Once you have found the line with "En gruppe på" in the records below, retype it and every line after it to the end exactly, with no pictures and nothing more.

(Short text fragments from websites)
☆ ☆ ☆ ☆ ☆
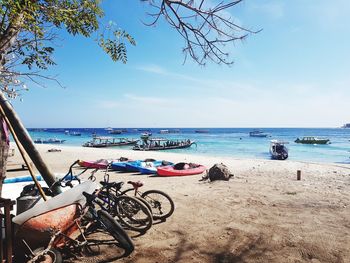 Bicycles on beach against sky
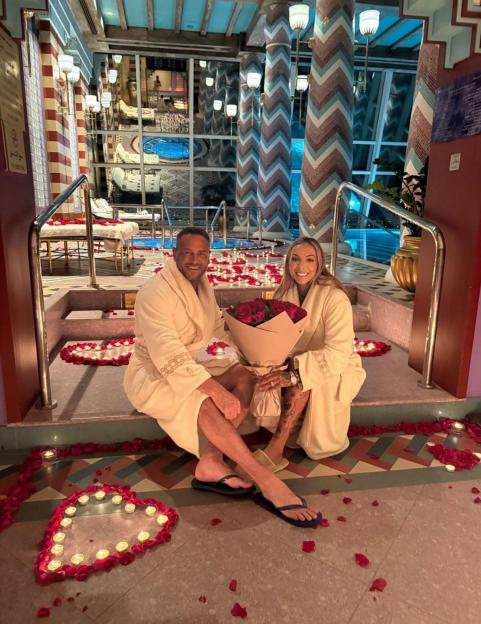 A couple in robes sits surrounded by rose petals and candles, holding a bouquet of red roses.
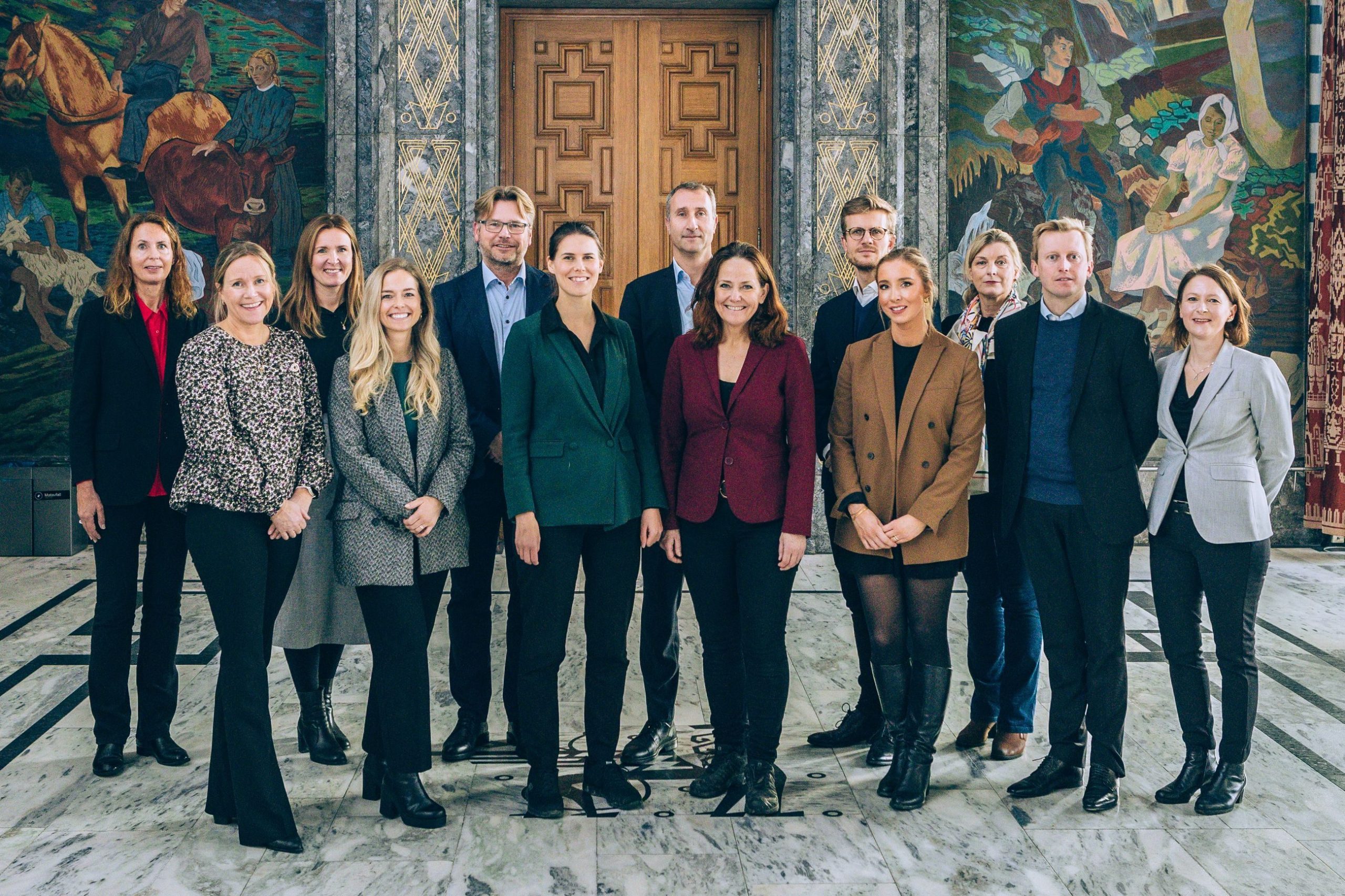 En gruppe på tretten personer i formell antrekk står i et rom med utsmykkede vegger og en mønstret tredør.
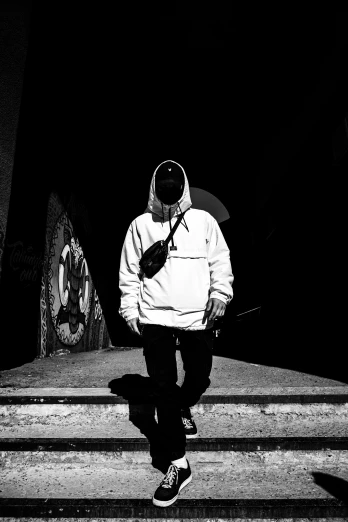 a black and white photo of a man walking down a set of stairs, a black and white photo, unsplash, graffiti, wearing a hood with pointy ears, high-contrast lighting, an all white human, wearing a hoody
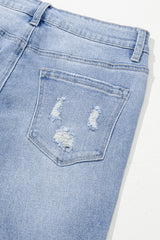 High blue flared jeans faded with acid with raw hem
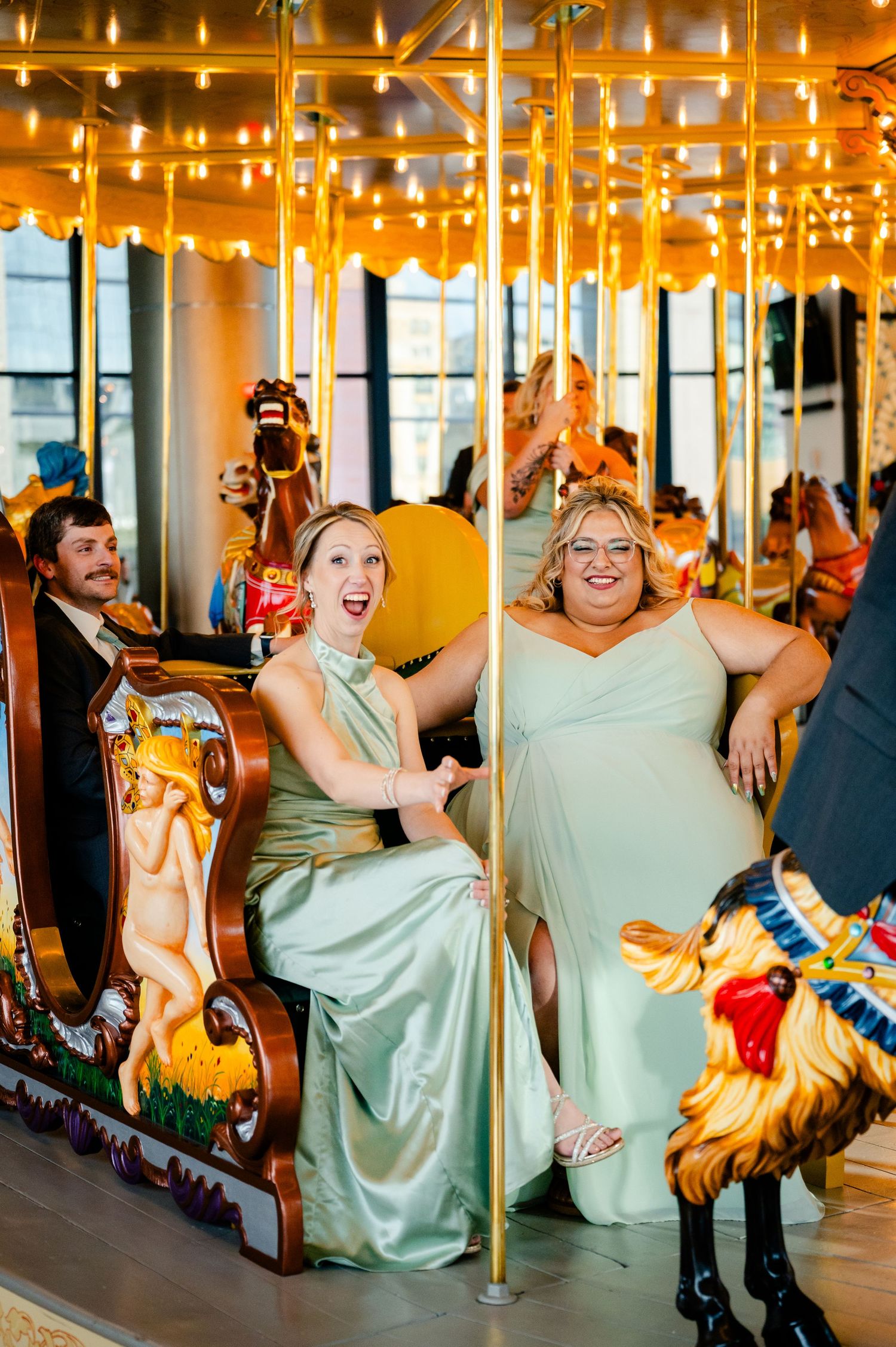 Two bridesmaids in sage green gowns laugh joyfully while riding a ornate golden carousel at a wedding reception.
☆ ☆ ☆ ☆ ☆
• _Task result_:
 En gruppe på tretten personer i formell antrekk står i et rom med utsmykkede vegger og en mønstret tredør.
 a black and white photo of a man walking down a set of stairs, a black and white photo, unsplash, graffiti, wearing a hood with pointy ears, high-contrast lighting, an all white human, wearing a hoody
 High blue flared jeans faded with acid with raw hem
 Two bridesmaids in sage green gowns laugh joyfully while riding a ornate golden carousel at a wedding reception.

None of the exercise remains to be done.